●「ビッグバン」は膨張宇宙論に反対する学者から揶揄された言葉だった
(前回お伝えしましたが)、「ハッブル=ルメートルの法則」によって、膨張宇宙論が発達していきます。ルメートルの提唱した「宇宙は小さな『宇宙の卵』から生まれた」ということですね。そして、実際に宇宙膨張が発見されました。
さらに、宇宙の卵についての議論が進みます。宇宙が膨張しているとすると、それは過去において、とても小さな領域に物質が集中していたということになります。それは突き詰めれば、初期の宇宙は「とても高密度で、とても高温な小さな火の玉だった」と言い換えることもできます。そういうことを言ったのはジョージ・ガモフです。ロシア出身のアメリカの物理学者ですが、彼は1948年に論文を発表し、その説を提唱しました。
当時は、定常宇宙論を唱える学者が勢力を張っていて、けっこう反対は強かったらしいのですが、高密度高温の火の玉を「じゃあなにかね、宇宙はドッカンと生まれたのかね」と揶揄されたのが、「ビッグバン」という言葉の語源になったらしいのです。つまりこれは、膨張宇宙論に反対する立場の学者からつけられた名前のようですね。ビッグバン宇宙論というと、今では悪い意味ではなく、よい意味で使われていますけれども、これはそういうものの先駆けとなるものでした。
●ノーベル賞を受賞することにもなった「宇宙背景放射の発見」
ビッグバン宇宙論が提唱されて、その証拠が探されたわけです。証拠とは、「熱い火の玉だった時代」を観測的に見ることができるかどうかということです。実際にいくつかのグループが、それを観測する試みを準備していました。
宇宙初期ですから、遠くを見れば宇宙の初期を見ることができるということです。ただ、(遠方の)宇宙はとても速く後退していますから、周波数が長いほうに伸びているわけです。なので、そうしたとても熱い宇宙というものは、われわれからとても速く遠ざかっているので、非常に微妙な熱さ(温度)で観測されるはずです。そのことが全天からくまなく観測されるだろうという予測があったわけです。
そして、それは全くの偶然に発見されます。それが宇宙背景放射で、「宇宙マイクロ波背景放射」とも呼ばれます。マイクロ波とは電波の領域のことです。電波が宇宙のいたるところから等しい強度でやってくるということを発見したのが、アーノ・A・ペンジアス氏とロバート・W・ウィルソン氏です。
彼らは電波望遠鏡の感度を上げるために、雑音を精密に測定していました。
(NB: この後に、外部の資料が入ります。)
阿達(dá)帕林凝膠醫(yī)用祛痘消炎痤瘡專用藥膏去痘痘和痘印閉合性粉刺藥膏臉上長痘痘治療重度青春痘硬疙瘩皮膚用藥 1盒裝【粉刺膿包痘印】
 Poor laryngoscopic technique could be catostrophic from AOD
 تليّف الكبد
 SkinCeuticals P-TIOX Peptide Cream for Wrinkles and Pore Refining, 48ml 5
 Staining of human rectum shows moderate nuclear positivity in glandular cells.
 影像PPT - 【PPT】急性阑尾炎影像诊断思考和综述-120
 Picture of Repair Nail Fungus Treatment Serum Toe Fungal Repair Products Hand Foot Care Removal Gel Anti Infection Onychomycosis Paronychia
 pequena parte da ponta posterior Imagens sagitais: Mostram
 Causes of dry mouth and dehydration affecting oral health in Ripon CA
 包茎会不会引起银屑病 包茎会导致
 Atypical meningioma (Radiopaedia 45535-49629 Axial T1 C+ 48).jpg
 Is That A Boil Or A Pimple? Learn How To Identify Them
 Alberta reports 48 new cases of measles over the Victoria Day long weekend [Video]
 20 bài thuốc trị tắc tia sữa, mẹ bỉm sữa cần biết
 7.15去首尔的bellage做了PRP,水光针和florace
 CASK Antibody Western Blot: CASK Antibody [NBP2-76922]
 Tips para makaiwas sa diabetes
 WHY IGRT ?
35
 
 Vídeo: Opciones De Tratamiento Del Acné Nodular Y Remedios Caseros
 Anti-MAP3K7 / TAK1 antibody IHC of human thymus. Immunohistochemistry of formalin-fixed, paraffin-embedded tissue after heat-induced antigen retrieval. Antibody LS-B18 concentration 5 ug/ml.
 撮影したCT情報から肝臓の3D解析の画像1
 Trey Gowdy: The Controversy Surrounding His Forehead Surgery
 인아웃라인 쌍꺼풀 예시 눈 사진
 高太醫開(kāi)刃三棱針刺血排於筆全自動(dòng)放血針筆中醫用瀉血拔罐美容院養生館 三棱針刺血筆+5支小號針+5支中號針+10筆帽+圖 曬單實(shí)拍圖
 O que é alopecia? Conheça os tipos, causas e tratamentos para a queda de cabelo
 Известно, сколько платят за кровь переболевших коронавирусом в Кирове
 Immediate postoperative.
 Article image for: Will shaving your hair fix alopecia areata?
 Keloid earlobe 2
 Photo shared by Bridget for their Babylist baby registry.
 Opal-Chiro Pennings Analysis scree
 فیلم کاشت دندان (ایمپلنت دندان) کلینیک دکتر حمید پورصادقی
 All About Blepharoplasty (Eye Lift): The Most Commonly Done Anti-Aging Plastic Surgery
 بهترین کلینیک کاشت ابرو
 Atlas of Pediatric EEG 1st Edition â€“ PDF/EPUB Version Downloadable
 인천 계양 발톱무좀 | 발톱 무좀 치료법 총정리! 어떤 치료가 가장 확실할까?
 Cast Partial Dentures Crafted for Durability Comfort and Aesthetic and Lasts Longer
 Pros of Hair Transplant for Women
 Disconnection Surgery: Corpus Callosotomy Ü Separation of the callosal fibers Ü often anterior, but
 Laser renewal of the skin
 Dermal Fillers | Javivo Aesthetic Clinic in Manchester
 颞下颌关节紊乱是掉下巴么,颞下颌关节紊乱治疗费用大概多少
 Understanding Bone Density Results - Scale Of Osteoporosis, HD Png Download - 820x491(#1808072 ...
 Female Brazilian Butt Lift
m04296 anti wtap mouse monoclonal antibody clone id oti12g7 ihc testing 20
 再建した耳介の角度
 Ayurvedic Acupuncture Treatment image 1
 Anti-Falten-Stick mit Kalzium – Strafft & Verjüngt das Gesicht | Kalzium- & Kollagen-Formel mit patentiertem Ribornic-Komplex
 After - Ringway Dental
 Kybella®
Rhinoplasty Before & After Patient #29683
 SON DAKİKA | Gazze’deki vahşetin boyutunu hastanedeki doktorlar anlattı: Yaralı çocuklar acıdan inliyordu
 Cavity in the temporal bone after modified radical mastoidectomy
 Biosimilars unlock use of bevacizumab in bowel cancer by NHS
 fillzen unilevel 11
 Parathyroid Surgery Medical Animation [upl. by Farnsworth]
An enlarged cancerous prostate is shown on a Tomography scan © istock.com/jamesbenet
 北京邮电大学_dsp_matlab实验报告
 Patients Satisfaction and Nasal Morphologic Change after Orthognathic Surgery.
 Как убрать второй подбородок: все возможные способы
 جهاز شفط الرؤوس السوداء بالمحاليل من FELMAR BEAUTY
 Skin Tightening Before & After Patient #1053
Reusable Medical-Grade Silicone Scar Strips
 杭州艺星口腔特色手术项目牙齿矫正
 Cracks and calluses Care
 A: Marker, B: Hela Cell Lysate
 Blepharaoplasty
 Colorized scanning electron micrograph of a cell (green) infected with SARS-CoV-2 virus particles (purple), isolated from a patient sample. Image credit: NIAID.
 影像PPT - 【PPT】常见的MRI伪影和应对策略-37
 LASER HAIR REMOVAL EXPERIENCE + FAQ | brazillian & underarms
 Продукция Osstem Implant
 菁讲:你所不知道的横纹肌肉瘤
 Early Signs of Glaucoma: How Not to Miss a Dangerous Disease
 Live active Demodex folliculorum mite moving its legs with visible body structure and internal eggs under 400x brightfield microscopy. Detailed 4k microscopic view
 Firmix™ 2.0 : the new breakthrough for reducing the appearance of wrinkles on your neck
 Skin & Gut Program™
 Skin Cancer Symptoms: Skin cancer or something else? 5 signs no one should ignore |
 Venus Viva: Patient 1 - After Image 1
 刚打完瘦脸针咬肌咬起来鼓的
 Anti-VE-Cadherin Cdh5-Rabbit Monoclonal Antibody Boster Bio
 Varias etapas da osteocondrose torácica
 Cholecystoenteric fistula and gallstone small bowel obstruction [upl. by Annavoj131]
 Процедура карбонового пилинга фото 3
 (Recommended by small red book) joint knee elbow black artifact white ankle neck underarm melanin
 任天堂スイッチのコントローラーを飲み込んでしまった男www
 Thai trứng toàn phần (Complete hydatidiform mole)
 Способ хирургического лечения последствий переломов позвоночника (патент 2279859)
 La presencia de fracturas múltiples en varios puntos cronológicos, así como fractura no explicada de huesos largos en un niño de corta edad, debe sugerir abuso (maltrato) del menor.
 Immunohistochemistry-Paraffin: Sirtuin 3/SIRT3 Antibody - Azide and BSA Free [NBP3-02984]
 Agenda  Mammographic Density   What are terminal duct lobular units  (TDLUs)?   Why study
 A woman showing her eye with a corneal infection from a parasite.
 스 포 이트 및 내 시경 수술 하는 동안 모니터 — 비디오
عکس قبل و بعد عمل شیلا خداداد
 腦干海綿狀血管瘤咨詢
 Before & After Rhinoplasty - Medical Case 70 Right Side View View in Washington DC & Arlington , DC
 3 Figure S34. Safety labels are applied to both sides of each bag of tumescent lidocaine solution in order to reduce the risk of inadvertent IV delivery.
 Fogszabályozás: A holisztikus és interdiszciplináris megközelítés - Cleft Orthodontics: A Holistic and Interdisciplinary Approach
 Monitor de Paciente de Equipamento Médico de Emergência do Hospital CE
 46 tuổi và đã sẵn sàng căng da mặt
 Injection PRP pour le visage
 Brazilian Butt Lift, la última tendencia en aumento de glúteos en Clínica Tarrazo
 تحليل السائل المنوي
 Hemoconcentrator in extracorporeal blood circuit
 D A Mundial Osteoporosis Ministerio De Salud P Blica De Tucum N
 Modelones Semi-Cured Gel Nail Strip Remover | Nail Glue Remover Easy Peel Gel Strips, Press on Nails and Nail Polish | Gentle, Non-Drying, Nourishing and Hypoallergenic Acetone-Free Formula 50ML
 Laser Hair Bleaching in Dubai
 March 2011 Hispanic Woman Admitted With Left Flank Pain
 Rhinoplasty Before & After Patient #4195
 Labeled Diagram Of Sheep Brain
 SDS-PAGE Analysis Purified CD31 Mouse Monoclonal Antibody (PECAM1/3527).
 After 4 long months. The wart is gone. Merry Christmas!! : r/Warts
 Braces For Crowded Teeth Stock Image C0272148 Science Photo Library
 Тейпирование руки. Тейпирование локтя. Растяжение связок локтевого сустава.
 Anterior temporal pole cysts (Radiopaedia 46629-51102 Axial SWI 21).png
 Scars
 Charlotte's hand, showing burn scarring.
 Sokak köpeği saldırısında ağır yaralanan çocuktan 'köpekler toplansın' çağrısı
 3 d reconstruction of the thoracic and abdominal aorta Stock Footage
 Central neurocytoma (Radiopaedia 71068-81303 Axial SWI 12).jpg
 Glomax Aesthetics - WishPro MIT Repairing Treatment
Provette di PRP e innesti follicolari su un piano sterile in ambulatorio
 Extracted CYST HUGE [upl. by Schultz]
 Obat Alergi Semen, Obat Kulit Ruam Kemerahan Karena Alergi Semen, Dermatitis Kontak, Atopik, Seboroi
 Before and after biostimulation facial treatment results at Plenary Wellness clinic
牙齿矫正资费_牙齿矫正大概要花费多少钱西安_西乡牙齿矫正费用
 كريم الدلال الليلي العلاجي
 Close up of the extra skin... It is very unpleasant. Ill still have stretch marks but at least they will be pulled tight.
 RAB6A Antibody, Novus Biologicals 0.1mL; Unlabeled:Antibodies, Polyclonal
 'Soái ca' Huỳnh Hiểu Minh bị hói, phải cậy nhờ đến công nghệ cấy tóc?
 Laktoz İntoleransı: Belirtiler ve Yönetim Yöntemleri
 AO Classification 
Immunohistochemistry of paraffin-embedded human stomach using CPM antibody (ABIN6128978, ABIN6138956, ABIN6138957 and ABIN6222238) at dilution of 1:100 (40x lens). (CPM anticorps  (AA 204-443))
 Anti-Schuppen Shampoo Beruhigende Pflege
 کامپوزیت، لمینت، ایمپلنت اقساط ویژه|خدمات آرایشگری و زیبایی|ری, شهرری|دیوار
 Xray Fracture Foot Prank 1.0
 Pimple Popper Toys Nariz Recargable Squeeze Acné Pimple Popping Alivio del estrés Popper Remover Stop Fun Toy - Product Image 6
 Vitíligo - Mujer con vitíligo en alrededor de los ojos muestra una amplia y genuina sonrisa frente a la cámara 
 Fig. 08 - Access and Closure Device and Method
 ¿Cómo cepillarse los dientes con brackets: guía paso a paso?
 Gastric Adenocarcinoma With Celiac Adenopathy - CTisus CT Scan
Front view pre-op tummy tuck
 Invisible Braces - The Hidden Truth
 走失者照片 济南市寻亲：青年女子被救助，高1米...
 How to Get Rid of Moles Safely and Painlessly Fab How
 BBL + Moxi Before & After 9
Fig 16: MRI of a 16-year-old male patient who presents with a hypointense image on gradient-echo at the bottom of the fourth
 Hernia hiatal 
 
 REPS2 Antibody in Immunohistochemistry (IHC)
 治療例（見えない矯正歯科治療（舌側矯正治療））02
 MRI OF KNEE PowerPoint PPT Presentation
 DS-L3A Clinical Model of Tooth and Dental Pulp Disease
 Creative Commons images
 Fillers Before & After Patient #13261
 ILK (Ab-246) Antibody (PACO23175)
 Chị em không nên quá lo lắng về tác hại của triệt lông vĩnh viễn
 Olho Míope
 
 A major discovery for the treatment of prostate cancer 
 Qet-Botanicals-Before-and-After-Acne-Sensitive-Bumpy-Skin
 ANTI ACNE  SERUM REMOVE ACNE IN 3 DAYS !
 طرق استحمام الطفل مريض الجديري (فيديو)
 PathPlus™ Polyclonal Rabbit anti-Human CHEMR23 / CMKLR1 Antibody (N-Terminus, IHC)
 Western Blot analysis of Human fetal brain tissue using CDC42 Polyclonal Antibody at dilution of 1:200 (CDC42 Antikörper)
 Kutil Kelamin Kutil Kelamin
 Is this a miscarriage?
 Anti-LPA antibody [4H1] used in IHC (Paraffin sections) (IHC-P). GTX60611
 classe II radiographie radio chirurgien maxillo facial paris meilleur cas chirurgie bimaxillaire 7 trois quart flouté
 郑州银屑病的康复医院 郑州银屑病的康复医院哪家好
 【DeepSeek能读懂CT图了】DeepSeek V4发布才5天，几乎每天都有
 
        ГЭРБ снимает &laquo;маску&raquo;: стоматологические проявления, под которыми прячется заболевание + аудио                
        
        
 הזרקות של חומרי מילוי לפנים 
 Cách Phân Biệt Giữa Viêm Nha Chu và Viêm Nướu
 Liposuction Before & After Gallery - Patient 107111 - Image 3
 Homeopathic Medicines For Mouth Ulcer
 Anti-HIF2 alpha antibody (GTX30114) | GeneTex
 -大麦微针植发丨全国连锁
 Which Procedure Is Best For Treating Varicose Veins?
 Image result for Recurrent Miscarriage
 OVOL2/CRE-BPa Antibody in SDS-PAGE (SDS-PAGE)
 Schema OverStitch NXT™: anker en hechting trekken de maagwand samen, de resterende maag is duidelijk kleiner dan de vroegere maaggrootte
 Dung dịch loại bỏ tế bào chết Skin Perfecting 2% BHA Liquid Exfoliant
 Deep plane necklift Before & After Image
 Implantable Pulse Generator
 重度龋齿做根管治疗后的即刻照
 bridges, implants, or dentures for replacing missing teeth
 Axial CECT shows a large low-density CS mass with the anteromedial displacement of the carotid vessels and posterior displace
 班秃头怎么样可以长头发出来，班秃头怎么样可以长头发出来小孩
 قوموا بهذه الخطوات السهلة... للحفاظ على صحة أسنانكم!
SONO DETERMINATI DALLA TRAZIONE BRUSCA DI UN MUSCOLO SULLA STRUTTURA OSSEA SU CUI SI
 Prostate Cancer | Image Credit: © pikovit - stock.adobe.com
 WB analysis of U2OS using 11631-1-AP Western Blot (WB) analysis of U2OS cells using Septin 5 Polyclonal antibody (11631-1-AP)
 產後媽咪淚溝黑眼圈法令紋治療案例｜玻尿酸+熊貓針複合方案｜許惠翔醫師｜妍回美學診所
ただ、どうしても取り切れない雑音があるということです。(絶対)温度にして3.5 Kの雑音が4080 Mc/sですから、これは4.08 GHzの周波数で「どうしたってこの3.5 Kの雑音は取りきれないよ」と悩んでいたのです。それが宇宙全体のどこからでも来るし、等方的であって変動しないし、波も偏っていないということです。
このことを実際にビッグバンの証拠を探していたグループが聞きつけて、やられたというわけです。それで、そのグループと並行して論文を書くことになります。スライドの下段にありますが、左がロバート・ディッケ氏の論文、右がペンジアス氏とウィルソン氏の論文が並ぶことになるわけですが、ペンジアス氏とウィルソン氏はこの宇宙背景放射の発見の功績をもって、1978年のノーベル賞を受賞されています。
これは、宇宙が熱かった頃の名残だと考えられています。どれぐらい熱かったかというと、宇宙がプラズマ状態、つまりプラズマが冷えて原子の状態になるとき、最後に放った光で3000度程度といわれています。よって今は、3000度であった宇宙の名残を見ているということです。3000度が3度Kまで下がっているということで、それだけ速く後退していると見ることができるわけですね。
つまり宇宙が熱かった頃の名残が発見されたことで、ビッグバン宇宙論は確固たるものとして信じられるようになるわけです。